Seagate ST506 (The First 5.25“ Hard Disk Drive) - peter_d_sherman
https://en.wikipedia.org/wiki/ST506/ST412
======
peter_d_sherman
Excerpt:

"The ST506 HDD was the first 5.25 inch hard disk drive, introduced in 1980[2]
by Shugart Technology (now Seagate Technology). It stored up to _5 megabytes_
after formatting and cost US$1,500 (equivalent to $4,561 in 2018).[3] The
similar, 10-megabyte ST412 HDD was introduced in late 1981. The ST225 was
introduced shortly thereafter with 20 megabytes and half the height. All three
used MFM encoding, a widely used coding scheme. A subsequent extension of the
ST412 interface, the ST412HP interface, used RLL encoding for a 50% increase
in capacity and bit rate.

The ST506 drive connected to a computer system through a disk controller.
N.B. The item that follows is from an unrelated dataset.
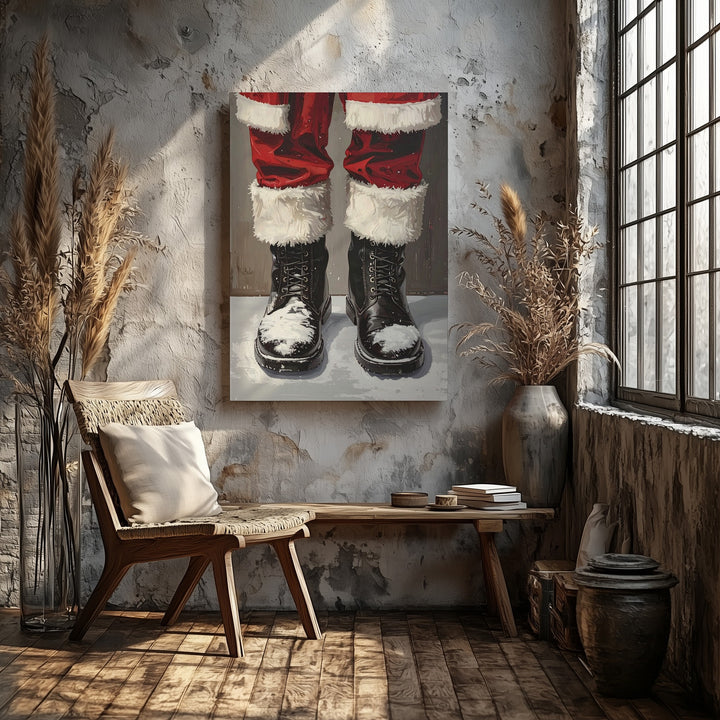 Santa Boots Close-Up Canvas – Minimalist Holiday Wall Art with Festive Humor - Gifitto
The
ST506 interface between the controller and drive was derived from the Shugart
Associates SA1000 interface,[4] which was in turn based upon the floppy disk
drive interface,[5] thereby making disk controller design relatively easy.[2]

The ST412 interface was adopted by numerous HDD manufacturers such that the
interface became a de facto industry standard for disk drives[6] well into the
1990s."